§ **BRIEF**: Once the pictures are removed, reproduce what is left of the data below exactly.
[DATA — start]
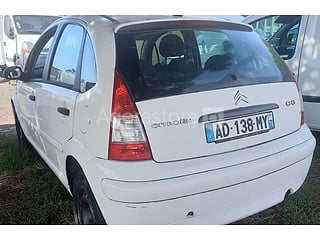 Voitures et 2 roues - Citroën - C3 (photo 6)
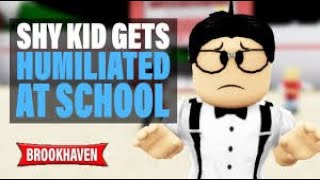 Shy Kid Gets Humiliated at School Ft Faze Rug!Roblox BrookHaven .
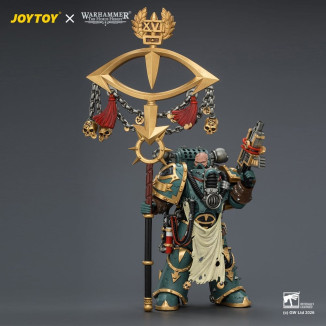 JoyToy - Sons of Horus - Maloghurst the Twisted, the Warmaster's Equerry with Legion Standard and Banestrike Bolter 1/18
[DATA — finish]
§ **SOLUTION TO THIS EXERCISE**:
 Voitures et 2 roues - Citroën - C3 (photo 6)
 Shy Kid Gets Humiliated at School Ft Faze Rug!Roblox BrookHaven .
 JoyToy - Sons of Horus - Maloghurst the Twisted, the Warmaster's Equerry with Legion Standard and Banestrike Bolter 1/18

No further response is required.